Sven von Storch im Interview: „Mit Kinderrechten macht sich der Staat zum Eigentümer der Kinder.“


Sven von Storch

CDU und SPD haben sich auf die Aufnahme von Kinderrechten geeinigt. Doch die vermeintliche Besserung für die Stellung der Kinder ist ein Etikettenschwindel. Die Gefahr einer umfassenden Kontrolle des Staates über die Familien wächst, kritisiert Sven von Storch im Interview mit der »Initiative Familien-Schutz«.

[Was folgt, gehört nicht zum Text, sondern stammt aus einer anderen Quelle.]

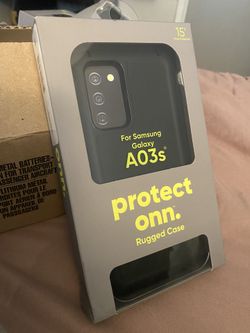 SAMSUNG GALAXY A03s PROTECT ONN BLACK RUGGED CASE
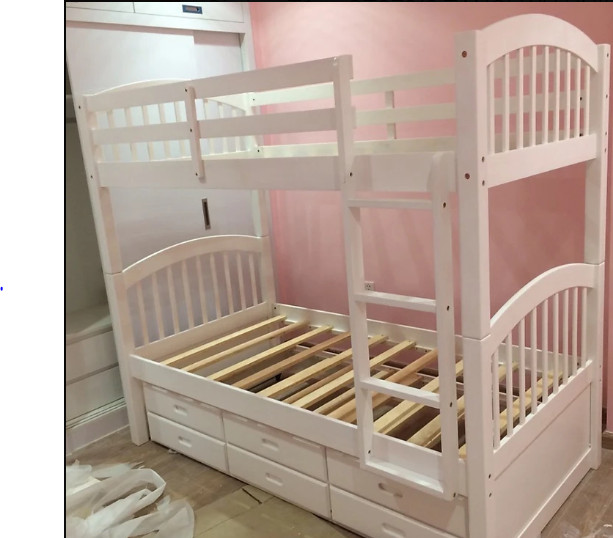 Giường 3 Tầng Tundo 1m/1m kèm ngăn kéo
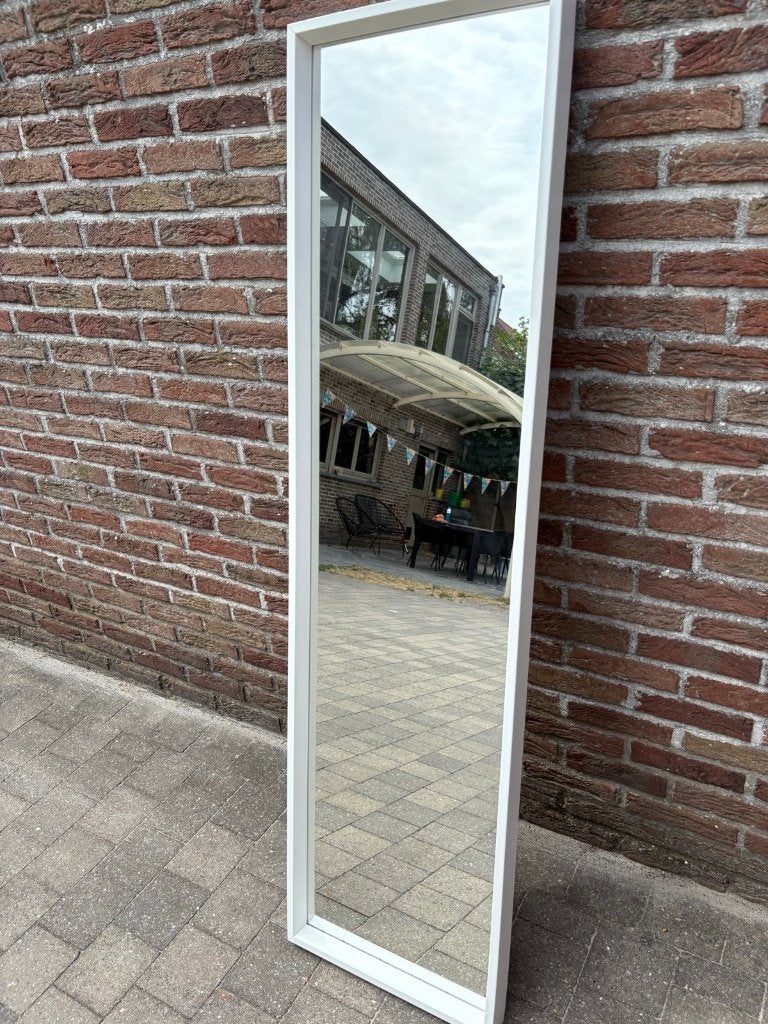 IKEA Nissedal spiegel wit, Huis en Inrichting, Woonaccessoires | Spiegels, Ophalen, Gebruikt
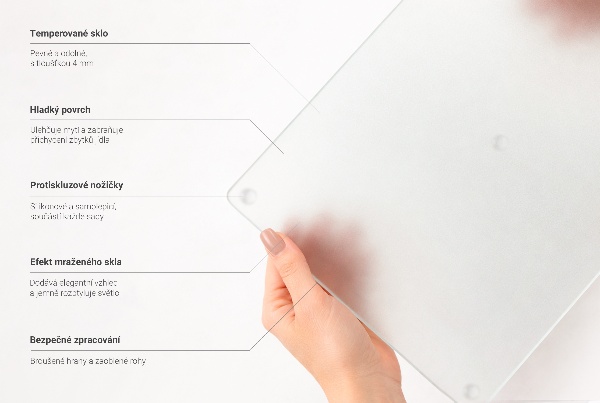 Glass chopping board 11.8 in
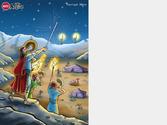 Illustration en couverture faites pour un recueil de récits bibliques pour enfants commissionnés par l'éditeur italien: EdizioniLaFionda.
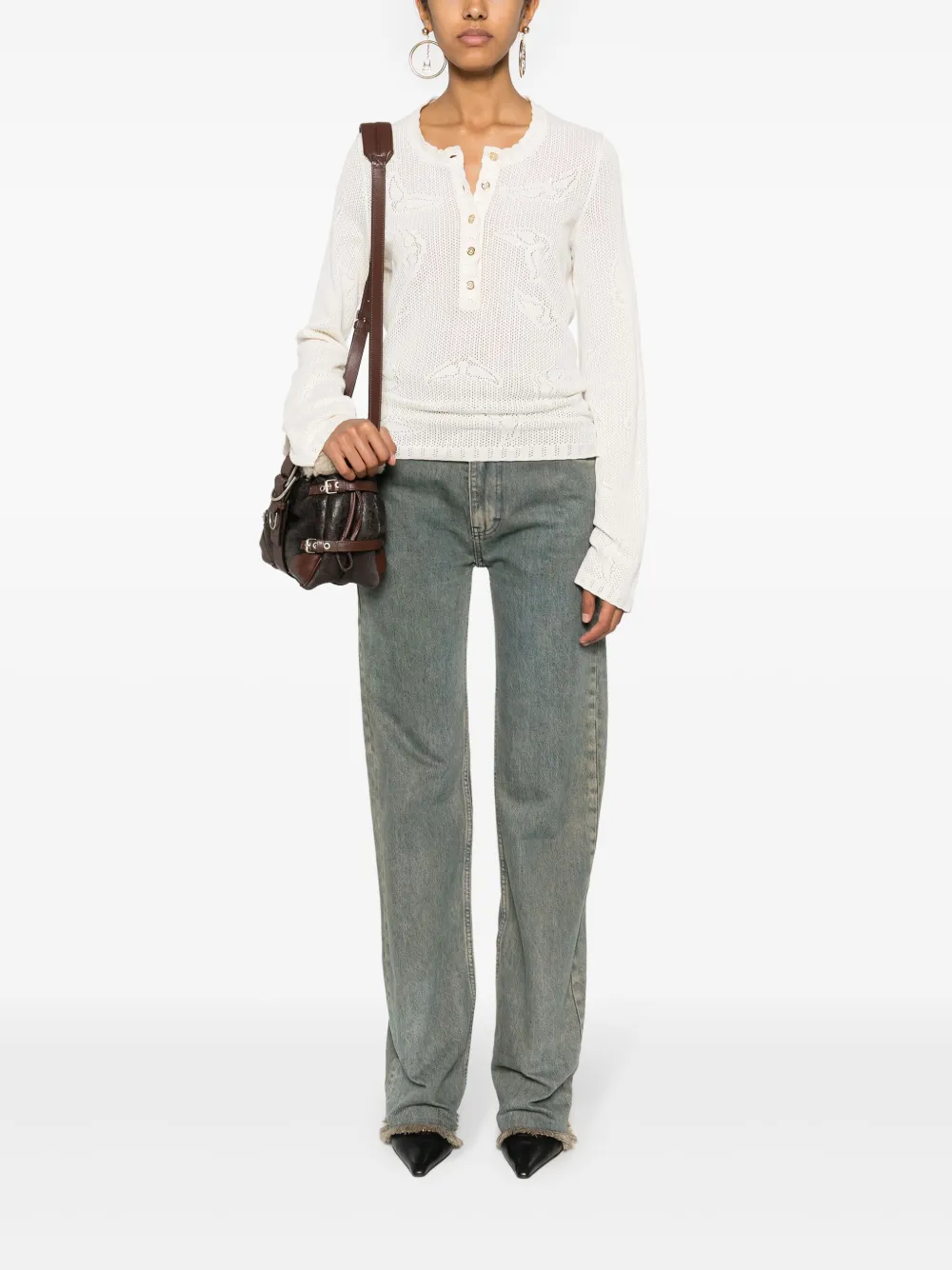 Zadig&Voltaire Salmyr Wings cotton jumper - Beige
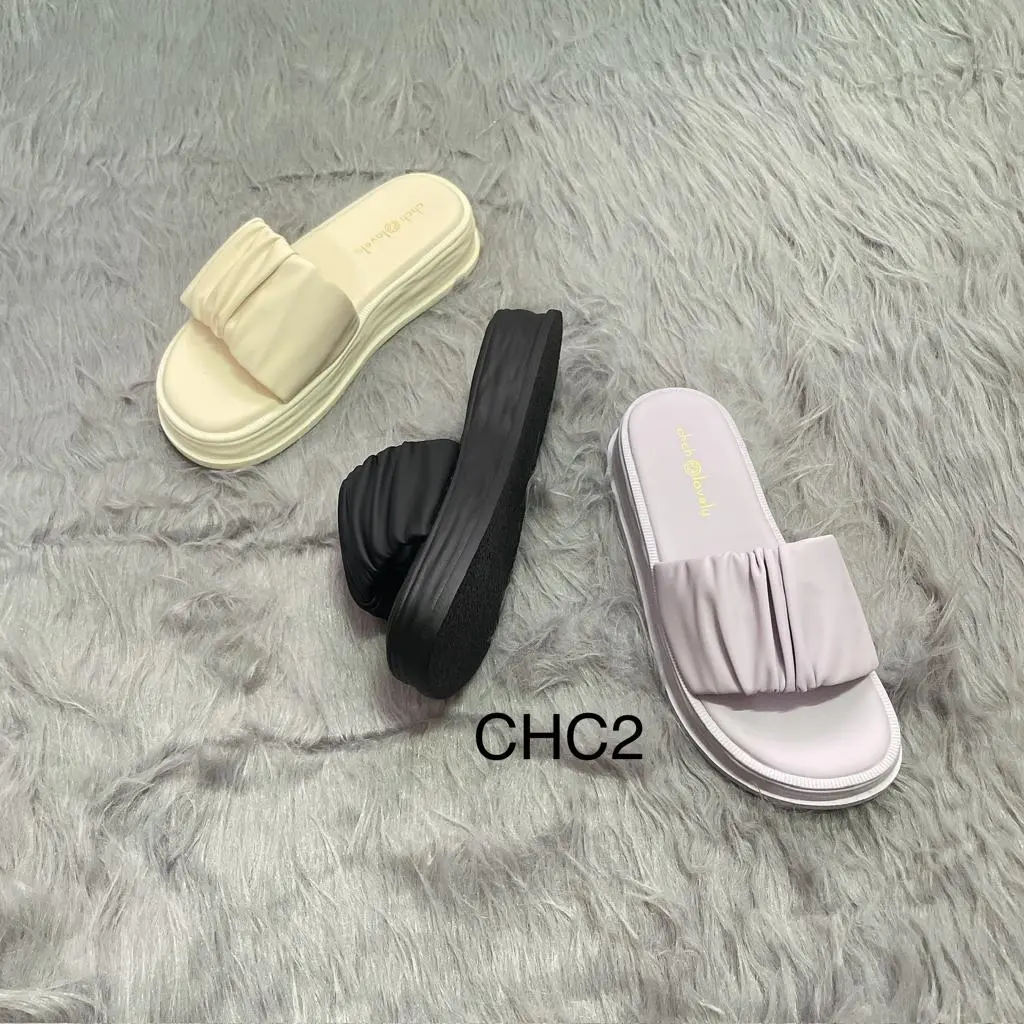 CHC2 - Ruched Slide Slippers (36)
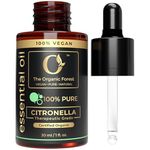 Citronella Essential Oil for Home Aromatherapy & Natural Mosquito Repellent | Pure Citronella Oil for Diffusers, Skin, Organic Care | Ideal Bug Repellent, Citronella Spray for Outdoor & Indoor Use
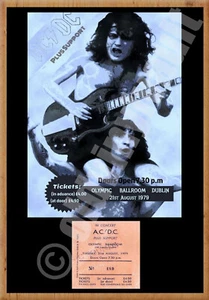 AC/DC OLYMPIC BALLROOM DUBLIN IRELAND 1979 POSTER WITH TICKET A4-A3-A2 SIZE - Picture 1 of 1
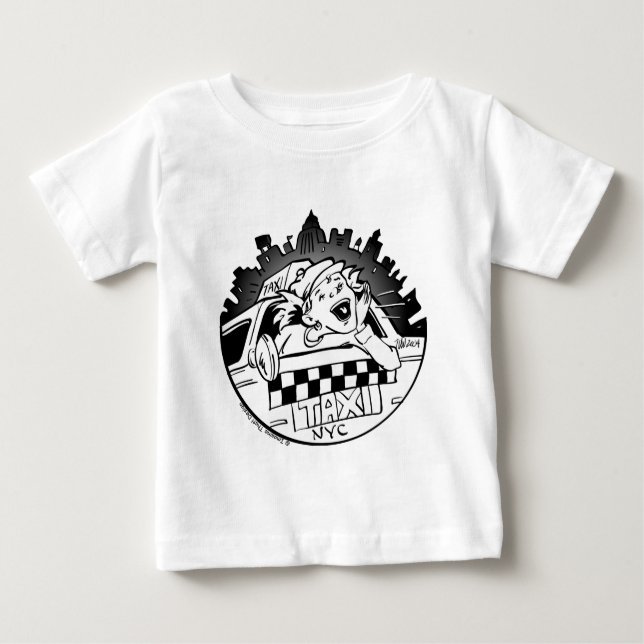 Taxi Girl Baby T-shirt (Vorderseite)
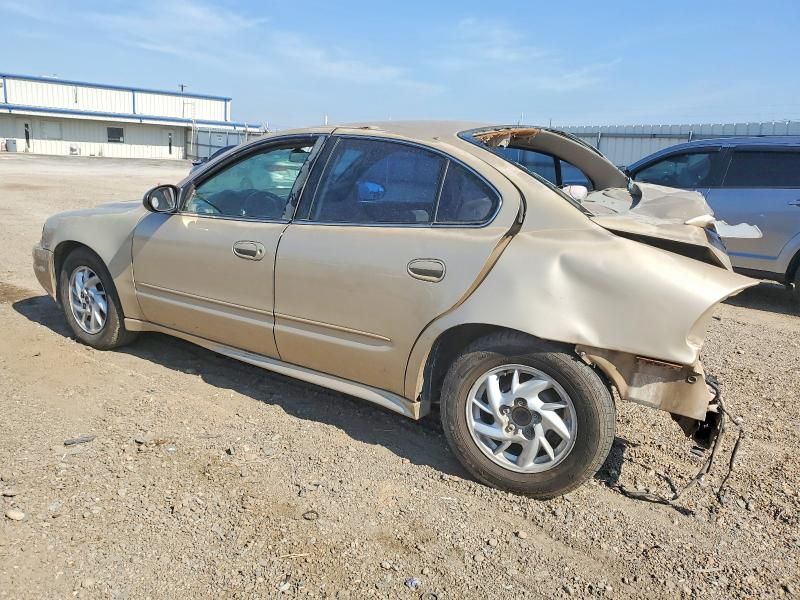 2004 Pontiac Grand am SE1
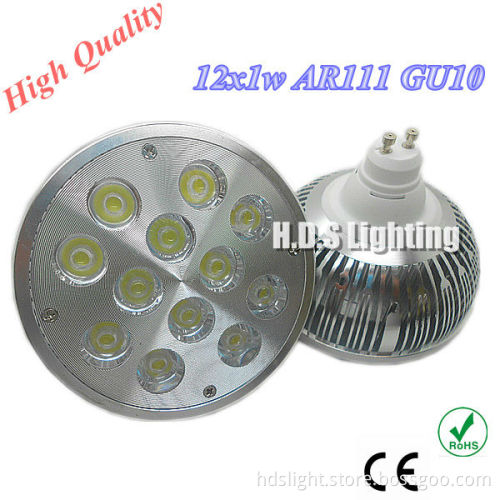 High Quality GU10 12V AR111 12W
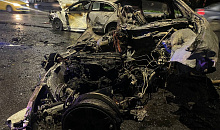 Трое сгорели заживо в адском ДТП на Ростовском шоссе в Краснодаре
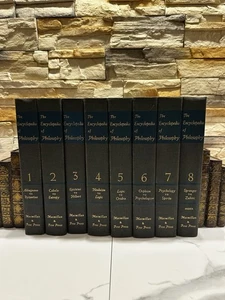 The Encyclopedia Of Philosophy 1967 Vintage Complete 8 Volume Set Macmillan HC - Picture 1 of 23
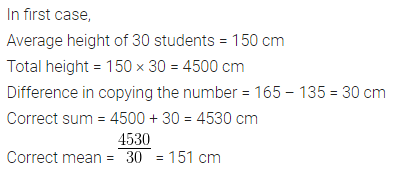 ML Aggarwal Class 10 Solutions for ICSE Maths Chapter 21 Measures of Central Tendency Chapter Test 3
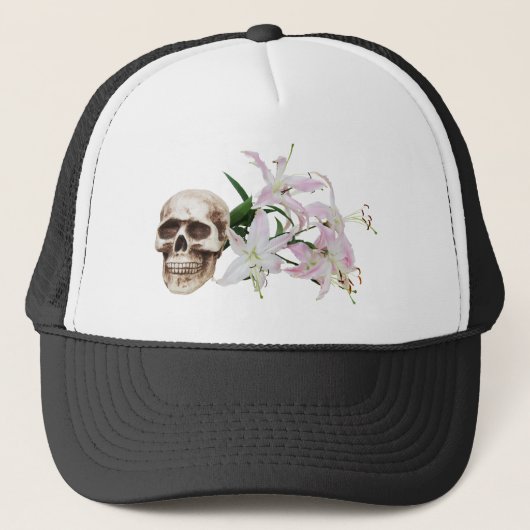 SkullFlowers051409 Trucker Pet (Voorkant)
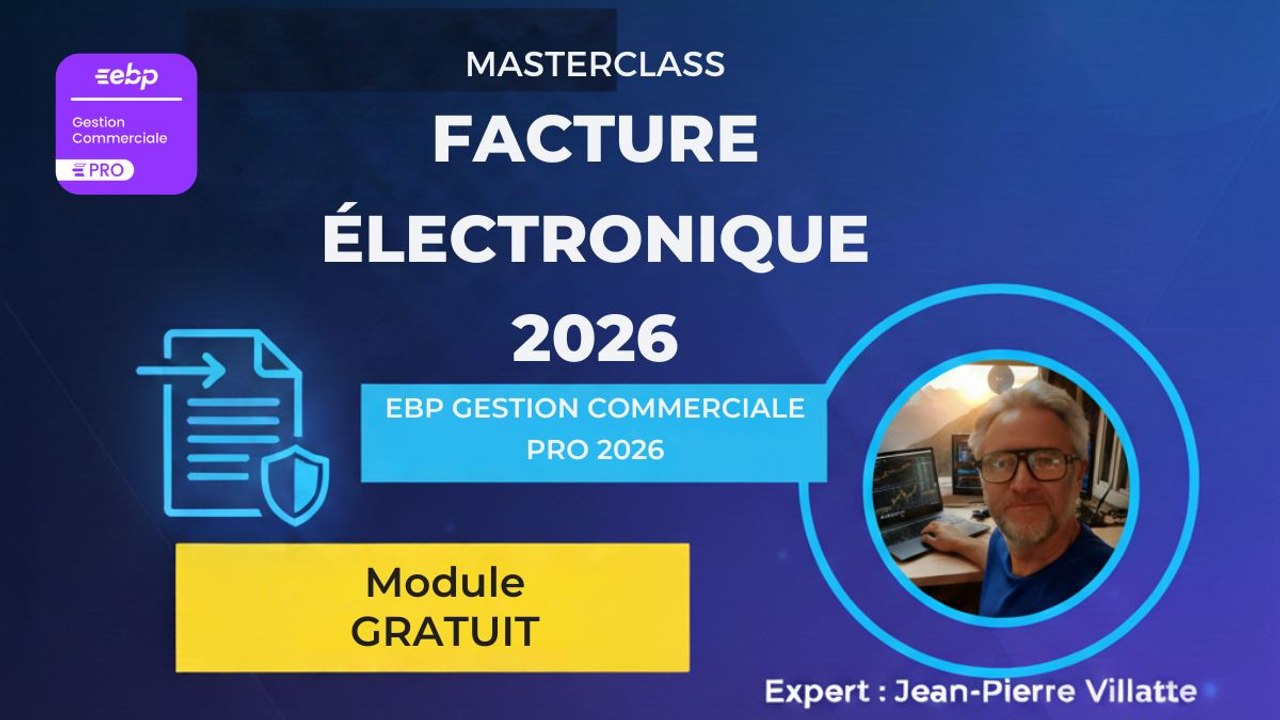 Configurez la facturation électronique sur EBP Gestion commerciale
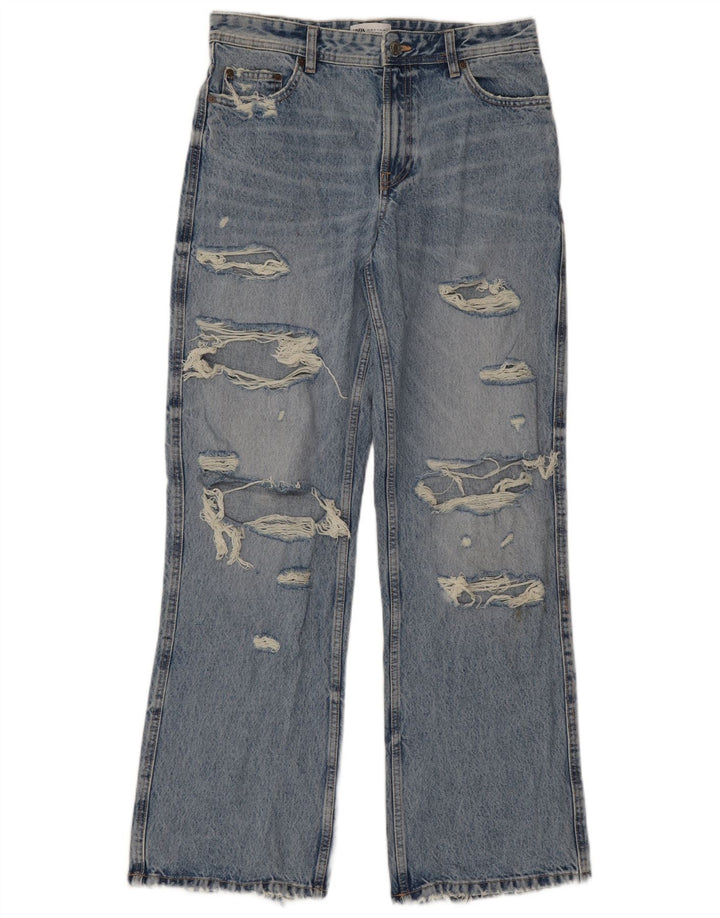 Zara ženske traperice s čizmama EU 36 XS W26 L32 plave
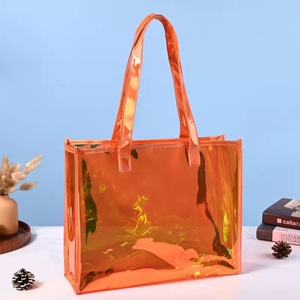 <span class=keywords><strong>Sac</strong></span> transparent personnalisé, <span class=keywords><strong>sac</strong></span> à main portable imperméable, sacs en plastique PVC laser, emballage de vêtements, <span class=keywords><strong>sac</strong></span> fourre-tout, <span class=keywords><strong>sac</strong></span> cadeau, vente en gros - Product Image 4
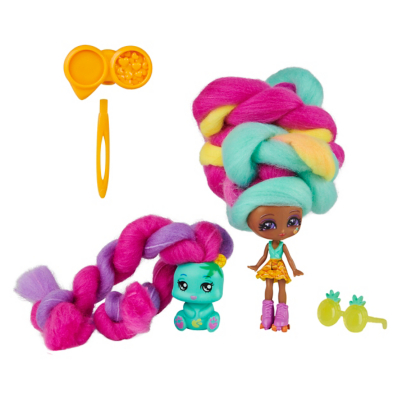 cotton candy hair dolls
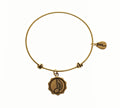 Music Note Expandable Bangle Charm Bracelet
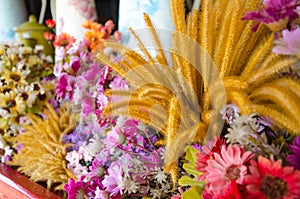 Fake flower in the vase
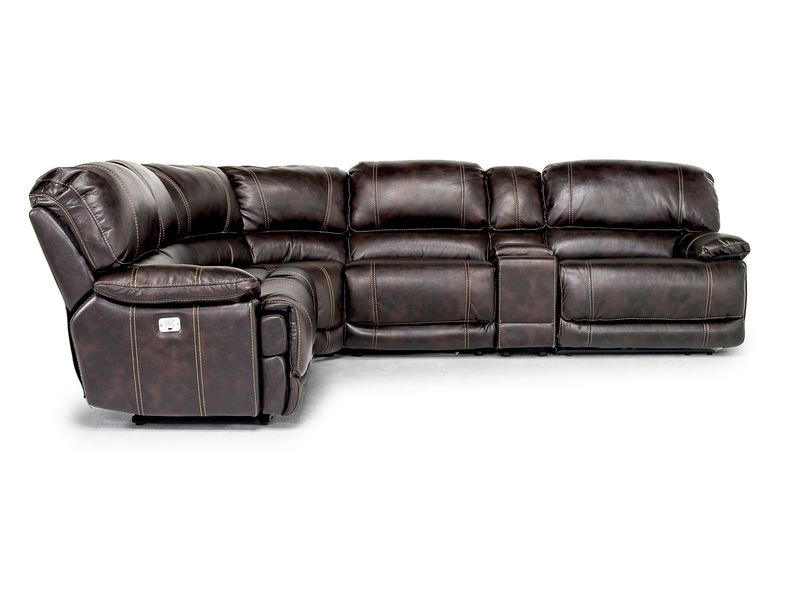 Azul 6 Piece 2 Power Sectional Sectionals Living Room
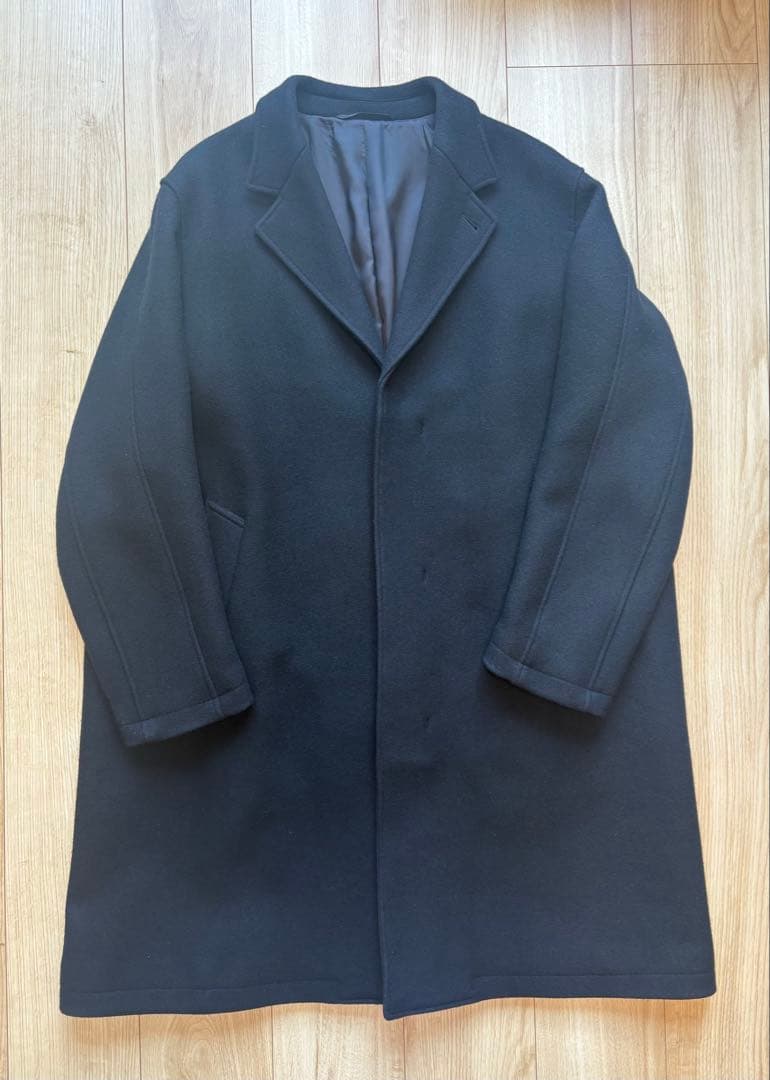 【美品】Steven Alan スティーブンアラン チェスターコート 黒　毛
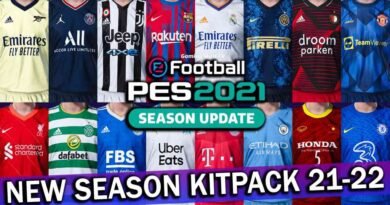 PES 2021 | NEW SEASON KITPACK 2021-2022 FOR SMOKE PATCH | DOWNLOAD & INSTALL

Initiative Familien-Schutz: Herr von Storch, die Bundesjustizministerin Christine Lambrecht will die Kinderrechte unbedingt noch vor Ende dieser Legislaturperiode in das Grundgesetz aufnehmen.

Sven von Storch: Laut Demoskopen klebt die SPD unbeweglich bei mageren 15 Prozent Wähleranteil. Natürlich will Frau Lambrecht ihren Feldzug gegen das Grundrecht auf Erziehung noch vor der Bundestagswahl im September siegreich vollenden. Danach ist Frau Lambrechts Partei, die SPD, als regierende Partei Geschichte.

Was den Sozialisten dann noch bleibt, sind die Landesparlamente und damit die Hoheit über die Bildungspolitik. Das Steckenpferd der SPD sozusagen, obwohl die Verheerungen, die ihre Funktionäre dort hinterlassen haben, unübersehbar sind. Was die Sozialdemokraten dann alles mit den neuen Eingriffs- und Kontrollmöglichkeiten des Staates anstellen werden, die ihnen ein neues Kindergrundrecht eröffnet …. Man mag es sich lieber nicht vorstellen.  

Initiative Familien-Schutz: Was könnte zum Beispiel durch Kinderrechte möglich werden?

Sven von Storch: Die sogenannten Kinderrechte sind verfassungsrechtlich eine Fiktion. Denn Kinder sind Menschen und damit wie alle Menschen Träger von Grundrechten. Ihre Rechte nehmen  stellvertretend die Eltern für sie wahr. Was würde passieren, wenn der Staat sich mithilfe eines juristischen Kniffs – in dem Fall eine Ergänzung zu Artikel 6 – an die Stelle der Eltern setzt? Wenn er anstelle der Eltern als Anwalt der Kinder auftritt und ihre Rechte wahrnimmt und durchsetzt?
Für Ideologen sind Kinderrechte eine wahre Spielwiese. Was ließe sich nicht alles durchsetzen zum „Wohl der Kinder“: linksgrüne Genderporno-Erziehung von der Krippe bis zur Universität wie überhaupt der Umbau von Schulen zu Vermittlungsanstalten der kulturmarxistischen Ideologie könnten daraus resultieren. Parallel wird Eltern die Möglichkeit genommen, sich dagegen zu wehren. Sie sinken zu hilflosen Befehlsempfängern der staatlichen Erziehungswünsche herab. Der Staat macht sich mit Kinderrechten zum Eigentümer der Kinder.

Initiative Familien-Schutz:
Glaubt man Medienberichten, ist die Aufnahme der Kinderrechte eine ausgemachte Sache zwischen den Regierungsparteien. Den Entwurf für eine entsprechende Gesetzespassage soll es bereits geben.

Sven von Storch:
Die CDU/ CSU hat die Grundgesetzänderung für Kinderrechte seit vier Jahren blockiert. Sie muss dafür ihre Gründe gehabt haben. Natürlich sind vermeintlich gewichtige Vorbehalte der Christdemokraten gegen SPD-Gesetzvorschläge des öfteren über Nacht verschwunden. An die putschartige Art und Weise, wie das Gesetz zur Ehe für alle zustande kam, werden sich noch viele überrumpelte CDU-Abgeordnete erinnern. Die Mehrheit der Christdemokraten hat übrigens der Freigabe der Ehe nicht zugestimmt. Die Nibelungentreue für Kanzlerin Merkel schwindet. Wer kann schon sagen, ob nicht am Ende der von Merkel aufgebaute eiserne Fraktionszwang siegt oder nicht doch ein allzu lange unterdrücktes Gefühl, sich endlich von der ewigen „Mutti“ zu befreien?

Initiative Familien-Schutz:
Herr von Storch, wir danken Ihnen für das Gespräch.